- TASK DATA -
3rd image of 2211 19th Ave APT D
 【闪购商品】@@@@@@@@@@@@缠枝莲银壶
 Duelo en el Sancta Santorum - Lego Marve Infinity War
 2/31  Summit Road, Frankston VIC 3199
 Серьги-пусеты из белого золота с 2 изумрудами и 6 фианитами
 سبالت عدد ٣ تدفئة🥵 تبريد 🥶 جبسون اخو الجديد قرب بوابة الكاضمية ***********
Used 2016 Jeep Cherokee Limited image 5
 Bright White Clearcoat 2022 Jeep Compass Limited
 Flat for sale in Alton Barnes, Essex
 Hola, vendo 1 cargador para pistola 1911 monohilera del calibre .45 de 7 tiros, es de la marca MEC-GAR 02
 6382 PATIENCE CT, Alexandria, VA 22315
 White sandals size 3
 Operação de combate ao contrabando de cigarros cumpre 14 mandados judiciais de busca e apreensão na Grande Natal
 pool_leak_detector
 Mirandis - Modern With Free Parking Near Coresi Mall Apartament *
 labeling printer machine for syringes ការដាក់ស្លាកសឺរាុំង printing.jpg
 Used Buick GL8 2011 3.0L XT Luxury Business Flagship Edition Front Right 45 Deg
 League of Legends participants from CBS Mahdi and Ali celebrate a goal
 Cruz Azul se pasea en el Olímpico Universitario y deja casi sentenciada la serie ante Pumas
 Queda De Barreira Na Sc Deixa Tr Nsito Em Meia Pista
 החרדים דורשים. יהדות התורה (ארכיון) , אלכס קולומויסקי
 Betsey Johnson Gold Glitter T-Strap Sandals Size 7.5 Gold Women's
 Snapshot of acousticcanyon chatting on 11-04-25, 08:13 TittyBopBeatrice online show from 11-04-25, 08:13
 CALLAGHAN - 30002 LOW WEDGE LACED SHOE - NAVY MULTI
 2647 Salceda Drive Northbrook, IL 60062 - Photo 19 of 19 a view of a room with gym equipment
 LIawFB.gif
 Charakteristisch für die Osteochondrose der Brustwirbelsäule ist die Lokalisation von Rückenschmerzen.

- WHAT IS EXPECTED -
The records above are to be transcribed exactly, with nothing left out.

- COMPLETED EXERCISE -
3rd image of 2211 19th Ave APT D
 【闪购商品】@@@@@@@@@@@@缠枝莲银壶
 Duelo en el Sancta Santorum - Lego Marve Infinity War
 2/31  Summit Road, Frankston VIC 3199
 Серьги-пусеты из белого золота с 2 изумрудами и 6 фианитами
 سبالت عدد ٣ تدفئة🥵 تبريد 🥶 جبسون اخو الجديد قرب بوابة الكاضمية ***********
Used 2016 Jeep Cherokee Limited image 5
 Bright White Clearcoat 2022 Jeep Compass Limited
 Flat for sale in Alton Barnes, Essex
 Hola, vendo 1 cargador para pistola 1911 monohilera del calibre .45 de 7 tiros, es de la marca MEC-GAR 02
 6382 PATIENCE CT, Alexandria, VA 22315
 White sandals size 3
 Operação de combate ao contrabando de cigarros cumpre 14 mandados judiciais de busca e apreensão na Grande Natal
 pool_leak_detector
 Mirandis - Modern With Free Parking Near Coresi Mall Apartament *
 labeling printer machine for syringes ការដាក់ស្លាកសឺរាុំង printing.jpg
 Used Buick GL8 2011 3.0L XT Luxury Business Flagship Edition Front Right 45 Deg
 League of Legends participants from CBS Mahdi and Ali celebrate a goal
 Cruz Azul se pasea en el Olímpico Universitario y deja casi sentenciada la serie ante Pumas
 Queda De Barreira Na Sc Deixa Tr Nsito Em Meia Pista
 החרדים דורשים. יהדות התורה (ארכיון) , אלכס קולומויסקי
 Betsey Johnson Gold Glitter T-Strap Sandals Size 7.5 Gold Women's
 Snapshot of acousticcanyon chatting on 11-04-25, 08:13 TittyBopBeatrice online show from 11-04-25, 08:13
 CALLAGHAN - 30002 LOW WEDGE LACED SHOE - NAVY MULTI
 2647 Salceda Drive Northbrook, IL 60062 - Photo 19 of 19 a view of a room with gym equipment
 LIawFB.gif
 Charakteristisch für die Osteochondrose der Brustwirbelsäule ist die Lokalisation von Rückenschmerzen.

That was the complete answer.